*** EXERCISE INPUT Section Begins ***
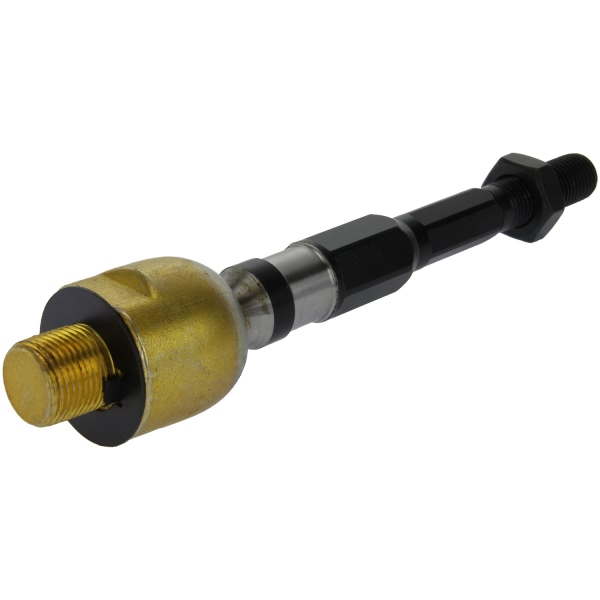 Centric Premium™ Front Inner Steering Tie Rod End 612.40038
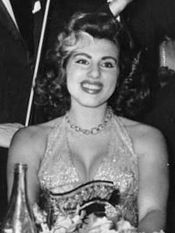 File:Irma Capece Minutolo (1950s).jpg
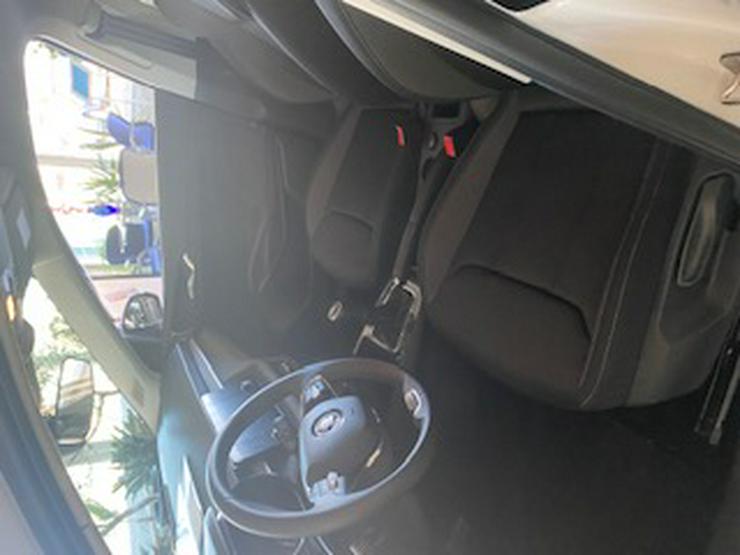 Bild 5: Fabia IV Tour Allwetterr., Klima, ... WINTERSALE !!!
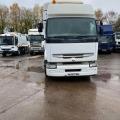 Renault Premium 420.25 L AML HRS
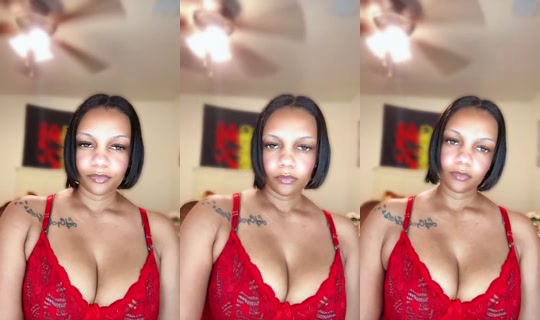 juiceyhoney Bigo Live — Sep 7, 2026, 1:58 AM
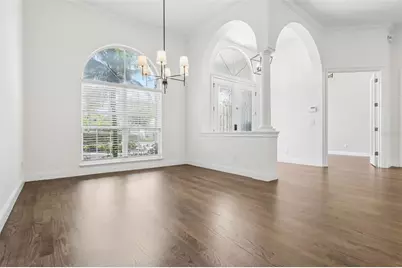 435 W Ventris Avenue, Maitland, FL 32751 - Photo 10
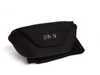 ES#1875783 - 51160422717 - Glasses Case - (NO LONGER AVAILABLE) - Glasses case with mounting straps for the sun visor - Genuine BMW - 
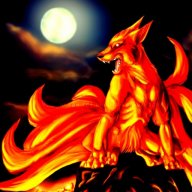 KyuubiMakai009
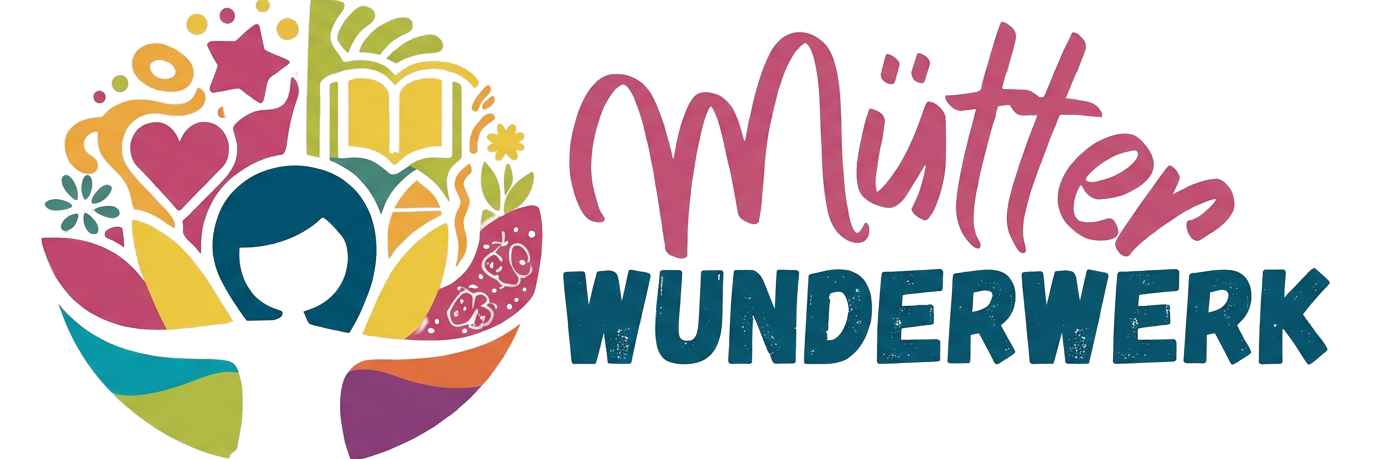 M&uuml;tter Wunderwerk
*** EXERCISE INPUT Section Ends ***
Set down the entries above exactly; no pictures belong in the copy.

 Centric Premium™ Front Inner Steering Tie Rod End 612.40038
 File:Irma Capece Minutolo (1950s).jpg
 Bild 5: Fabia IV Tour Allwetterr., Klima, ... WINTERSALE !!!
 Renault Premium 420.25 L AML HRS
 juiceyhoney Bigo Live — Sep 7, 2026, 1:58 AM
 435 W Ventris Avenue, Maitland, FL 32751 - Photo 10
 ES#1875783 - 51160422717 - Glasses Case - (NO LONGER AVAILABLE) - Glasses case with mounting straps for the sun visor - Genuine BMW - 
 KyuubiMakai009
 M&uuml;tter Wunderwerk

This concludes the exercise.